Let’s cut the crap: if you can’t beat the Mets, the alarm bells should be deafening.

But for the Yankees, the sirens have been wailing for years—and somehow, the people in charge are either deaf, in denial, or just straight-up dumb. At this point, Aaron Boone should be managing a buffet line, not a Major League Baseball team. The Yankees cannot win with him. Period. End of story. I have been writing this, not for months, but for YEARS. 

We’ve said it a hundred times here at Bleeding Yankee Blue, and we’ll say it a hundred more if we have to—Boone is not a leader. He’s a yes-man with a clipboard. The dude manages like he’s picking random names out of a hat. Every game feels like a blindfolded dart throw: bad bullpen choices, baffling lineup cards, zero feel for the moment. And now, the team is free-falling while Boone sits in the dugout with the same tired expression he’s had since 2018—completely clueless.

Need proof? Let’s talk Anthony Volpe for the 15th time.

The golden boy. The so-called spark. The kid who was supposed to change the franchise. Well, let’s just say the spark never lit. As of July 4, 2025, Anthony Volpe has left 152 runners in scoring position. One-hundred-and-fifty-two! That’s not bad luck—that’s statistical malpractice. He’s officially the worst in all of Major League Baseball in that category. And yet, there he is, day after day, still trotting out of the dugout like nothing's wrong.

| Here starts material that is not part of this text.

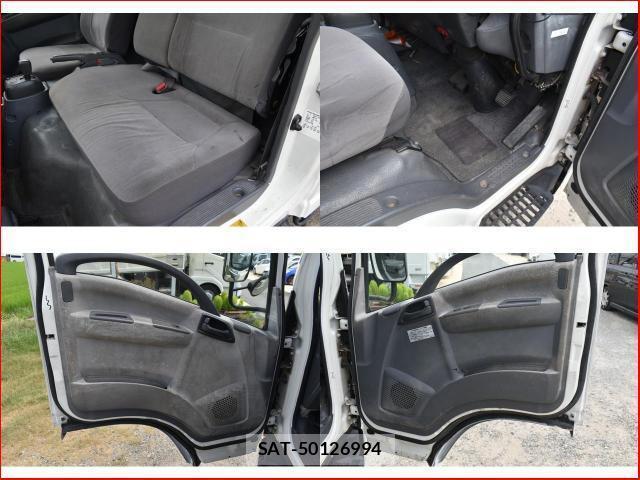 Mazda TITAN 2013-01 8647330-7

Boone keeps penciling him in the lineup like we’re all supposed to pretend this isn’t a massive issue. But it is. It’s killing the Yankees. You can’t have a black hole in the middle of your lineup every game and expect to win in the American League East. But hey, don’t blame Volpe entirely—blame the guys keeping him in the lineup.

And that brings us to Brian Cashman.

The so-called architect of the Yankee Empire has been building with toothpicks and Elmer’s glue for a while now. The Yankees just got swept by the Blue Jays, fell out of first place, and look absolutely lifeless. That’s not all on Boone—it’s on the guy who built this roster.

Cashman assembled this mess, held onto dead weight, passed on real talent, and doubled down on mediocrity. And then he had the nerve—the actual gall—to go on record in 2023 saying Volpe would “break out” offensively in the years to come. That aged like shit.

It’s 2025. We're still waiting. And instead of a breakout, we got a full-blown breakdown. TALK ABOUT STUPID.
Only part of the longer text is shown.